• _Aim of the task_
Every line from the one with "Interior Sliding Pocket" through the final line of the data below goes in the answer, copied exactly. Pictures do not.

(Image-caption web data)
--- --- ---

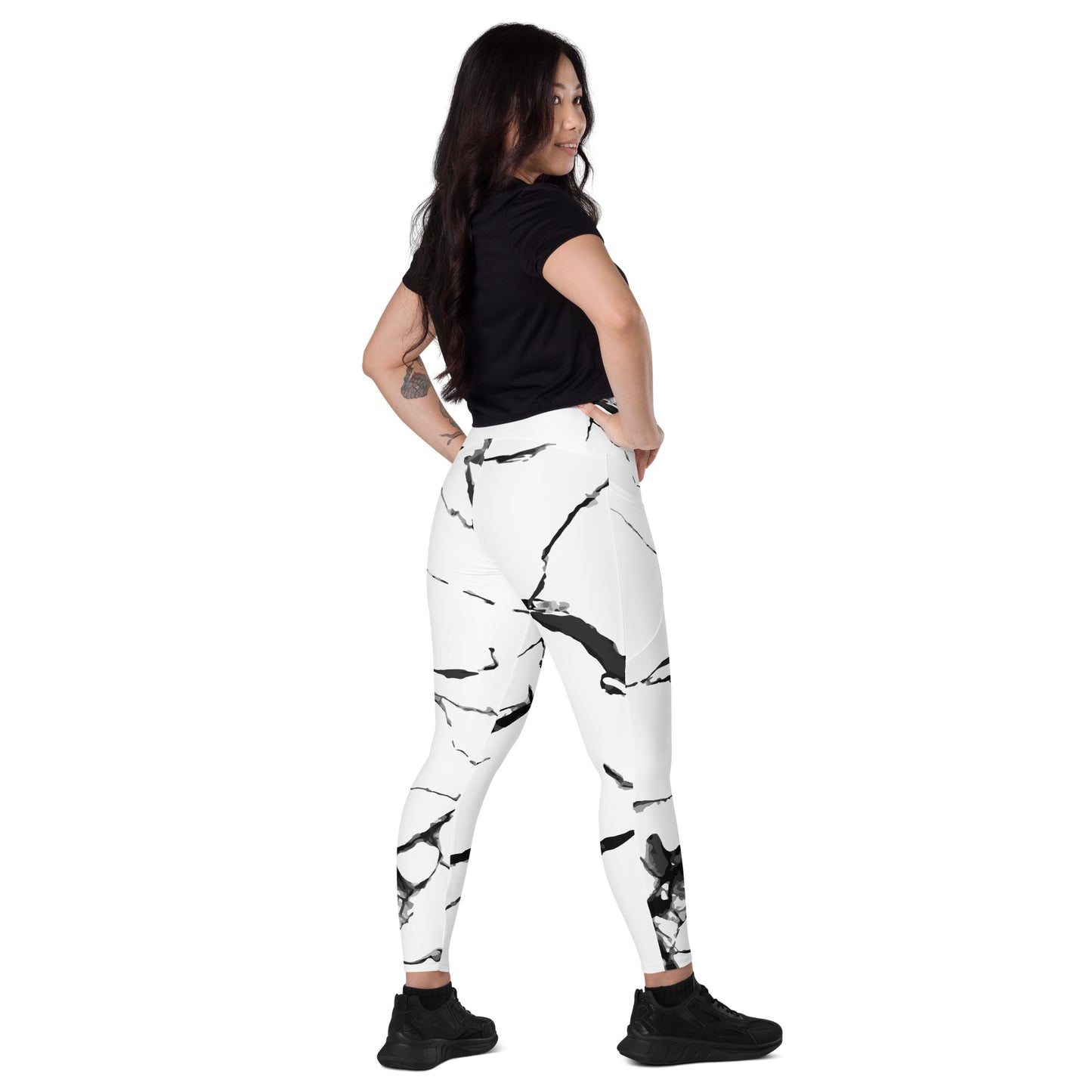 Recycelter V-Bund-Leggings mit Taschen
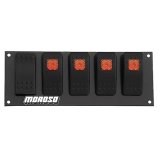 Moroso Rocker Switch Panel - Flat Surface Mount - LED - 2.488in x 6.695in - Five On/Off Switches thumbnail 5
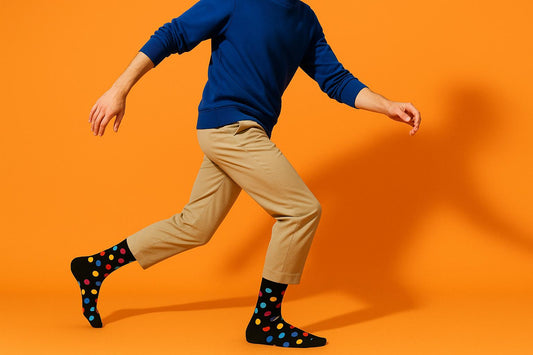 Best Multi color dots print black socks for men 2025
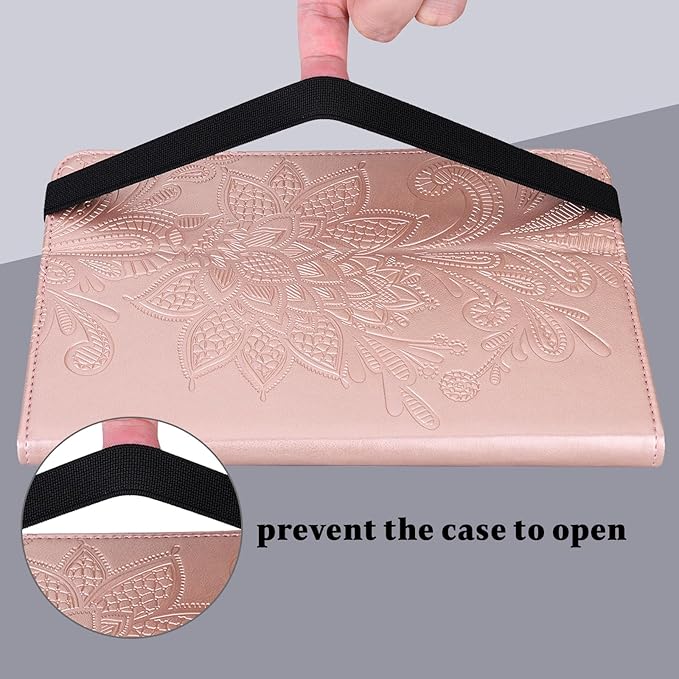 Case for Lenovo Tab M9 9 inch (TB-310FU), Embossed Lace PU Leather Flip Folio Protective Tablet Case with Elastic Band Card Slots Pen Holder, Multi-Angle Viewing Stand Cover - Rose Gold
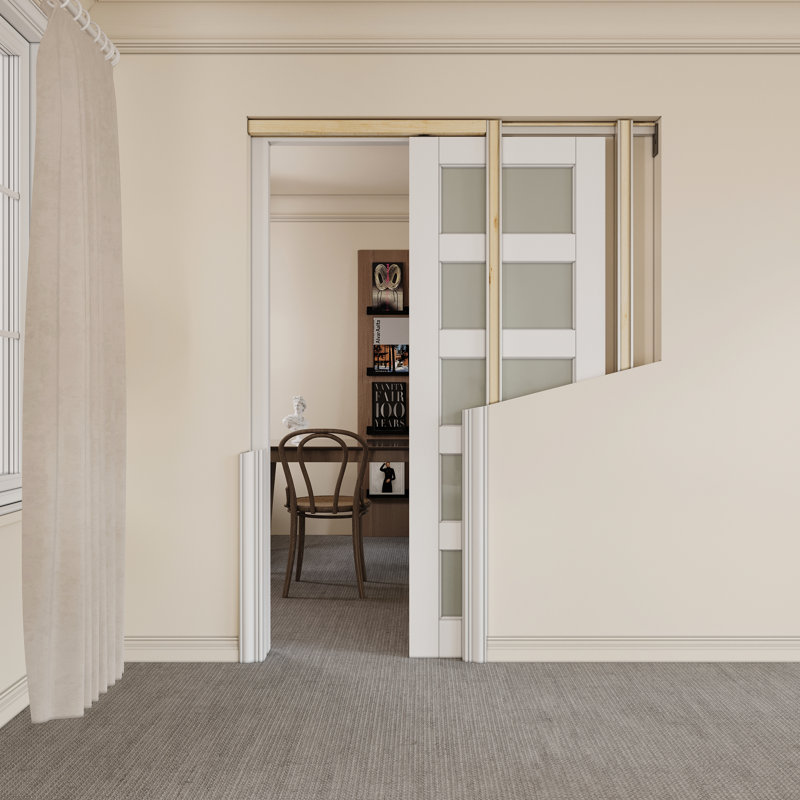Interior Sliding Pocket Doors 5 Lite Tempered Frosted Glass Sliding Door With Hardware & Soft Close, 32" W x 80" H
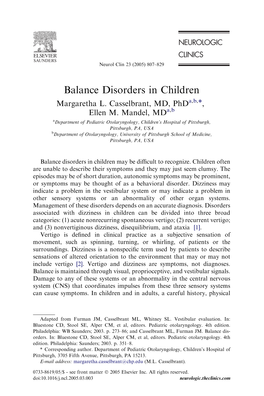 Balance Disorders in Children Margaretha L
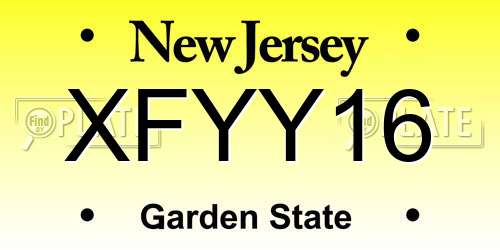 XFYY16 New Jersey License Plate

--- --- ---

• _Answer to the exercise_
Interior Sliding Pocket Doors 5 Lite Tempered Frosted Glass Sliding Door With Hardware & Soft Close, 32" W x 80" H
 Balance Disorders in Children Margaretha L
 XFYY16 New Jersey License Plate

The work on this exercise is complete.